Student’s t-test

One sample t-test

One sample t test is to test the null hypothesis that the population mean is not different from a specified value. This can be done by using t.test() in R.

To learn how to perform t-test in R, we will use another data set that describe the violent crime rates and concealed-carry laws for 50 US States plus DC. This is a balanced panel of data on 50 US states plus the District of Columbia (for a total of 51 ‘states’) by year for 1977–1999. Each observation is a given state in a given year. There are a total of 51 states times 23 years = 1173 observations. These data were provided by Prof. John Donohue of Stanford University and were used in his paper with Ian Ayres “Shooting Down the ’More Guns Less Crime Hypothesis” (Stanford Law Review 2003)

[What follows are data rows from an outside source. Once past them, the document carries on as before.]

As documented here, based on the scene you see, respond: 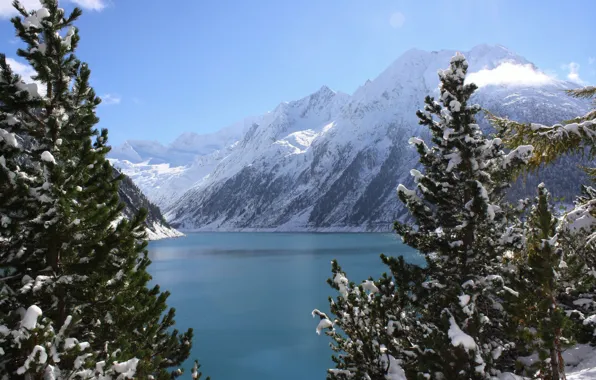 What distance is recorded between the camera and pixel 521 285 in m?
8.95

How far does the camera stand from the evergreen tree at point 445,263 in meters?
9.04

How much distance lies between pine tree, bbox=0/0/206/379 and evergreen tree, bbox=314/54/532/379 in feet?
A: 15.4

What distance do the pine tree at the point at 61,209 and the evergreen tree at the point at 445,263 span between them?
15.4 feet

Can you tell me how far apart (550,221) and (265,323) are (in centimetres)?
4499

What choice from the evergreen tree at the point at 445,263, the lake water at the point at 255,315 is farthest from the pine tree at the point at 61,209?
the lake water at the point at 255,315

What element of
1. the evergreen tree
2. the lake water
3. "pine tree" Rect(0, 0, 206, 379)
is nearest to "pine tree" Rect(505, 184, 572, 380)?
the evergreen tree

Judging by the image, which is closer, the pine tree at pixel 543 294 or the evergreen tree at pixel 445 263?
the pine tree at pixel 543 294

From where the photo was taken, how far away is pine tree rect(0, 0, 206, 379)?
7.69 metres

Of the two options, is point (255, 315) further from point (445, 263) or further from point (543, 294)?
point (543, 294)

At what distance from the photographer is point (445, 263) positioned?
10.3 metres

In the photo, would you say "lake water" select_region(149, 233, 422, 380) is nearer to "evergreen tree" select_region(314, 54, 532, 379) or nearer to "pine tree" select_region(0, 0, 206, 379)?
"evergreen tree" select_region(314, 54, 532, 379)

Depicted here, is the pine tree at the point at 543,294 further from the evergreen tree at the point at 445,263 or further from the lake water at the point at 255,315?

At this stage, you should be able to read-in data and subset part of the whole data now. For example, we can use one sample t-test to test if the murder rate in Michigan state significantly differed from a certain value, say 9 incidents per 10^5 people. The syntax is t.test(sample, mu="specified value").

You can either excute the following code to download the data to your local machine (it will be a dataframe named “guns”).

library(RCurl)
guns=read.csv(text=getURL("https://raw.githubusercontent.com/OscarFHC/NRE538_GSRA/master/Labs/NRE538_Lab2/guns.csv"), sep=",", header=T, comment.char="#")

Or, you can download the file to your local machine and read it with the following code.

setwd("D:/Courses/UM/2016_WN/NRE538_GSRA/Labs/NRE538_Lab2")
  # set working directory
guns = read.table("guns.csv",header=T,fill=T,sep=",")
  # read in data

Let’s perform the t-test.

guns.MI = subset(guns, state=="Michigan")
t.test(guns.MI[,"murder"], mu=9)
## 
##  One Sample t-test
## 
## data:  guns.MI[, "murder"]
## t = 2.3794, df = 22, p-value = 0.02644
## alternative hypothesis: true mean is not equal to 9
## 95 percent confidence interval:
##   9.085973 10.253157
## sample estimates:
## mean of x 
##  9.669565

So, what do these statistical results tell you?
Let’s plot the histogram of the murder rate of Michigan state to visualize the results.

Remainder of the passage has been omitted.